We develop a new method to analyse open-ended qualitative interviews with large samples, and apply it to interviews with Rohingya refugees and Bangladeshi hosts on parent’s aspirations for children, revealing dimensions of aspiration that standard surveys systematically miss. For instance, despite lower formal education, Rohingya refugees exhibit higher navigational capacity than host communities, a strength that becomes visible only through open-ended methods while still allowing for statistical inference.

Editor’s note: For a broader synthesis of themes covered in this article, check out our VoxDevLit on Refugees and Other Forcibly Displaced Populations.

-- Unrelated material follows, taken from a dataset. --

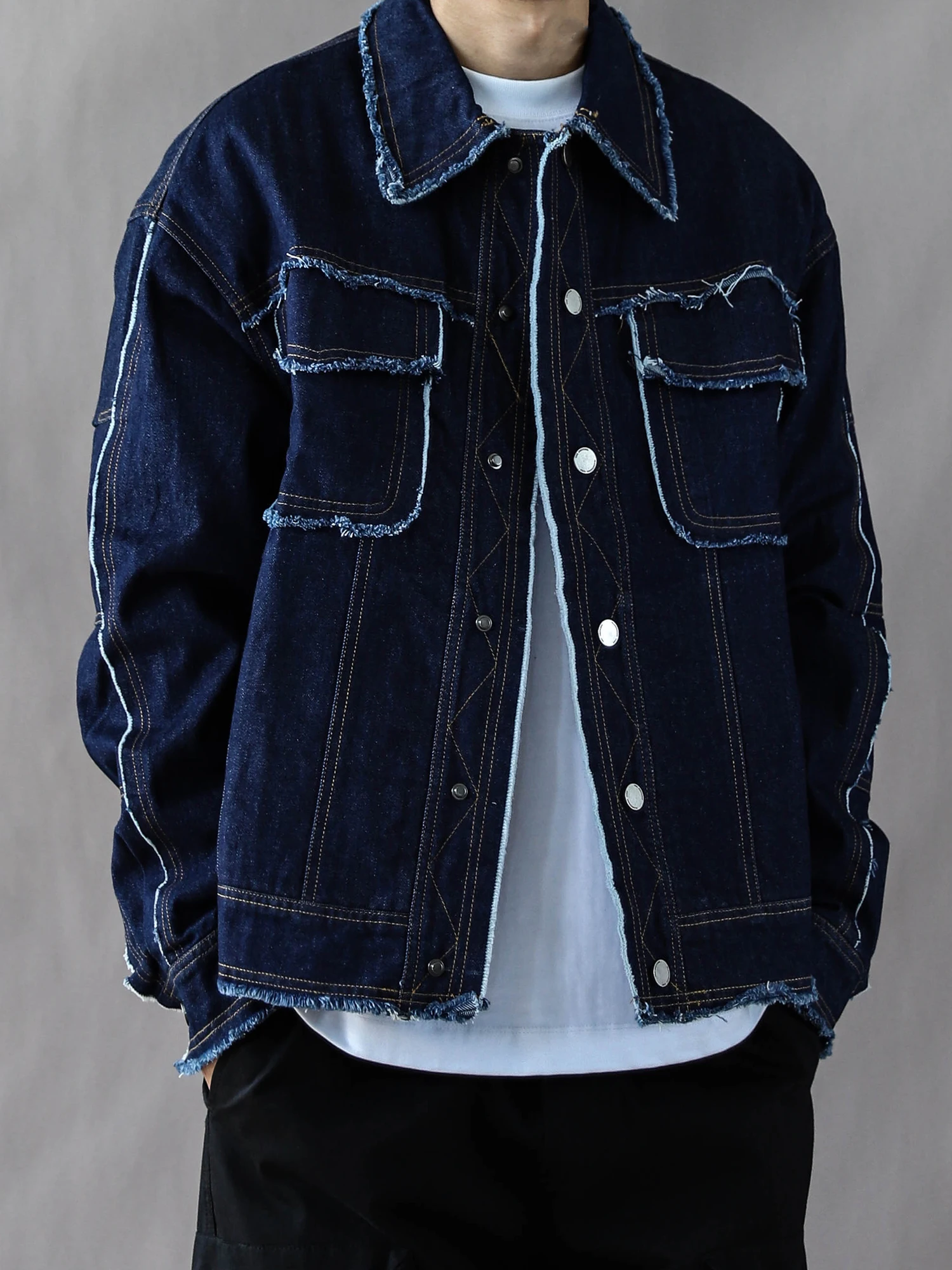 

Мужская джинсовая куртка в американском ретро-стиле, весна-осень, свободного кроя, повседневная, с длинными рукавами, с воротником, синяя, модная, из смесового хлопка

Understanding complex phenomena like aspirations, well-being, or identity requires more than asking people to choose from a list. It requires an open-ended conversation. Yet, most economic research relies on structured surveys that force complex ideas into predefined categories. As a result, economists often miss how people actually think about their futures, and how they navigate the obstacles they face.

In new work (Ashwin et al. 2026), we show how open-ended interviews can be analysed at scale, combining the depth of qualitative research with the statistical power economists expect. Using over 2,200 conversational interviews with Rohingya refugees and their Bangladeshi hosts in Cox’s Bazar, we uncover dimensions of aspiration that standard surveys systematically miss.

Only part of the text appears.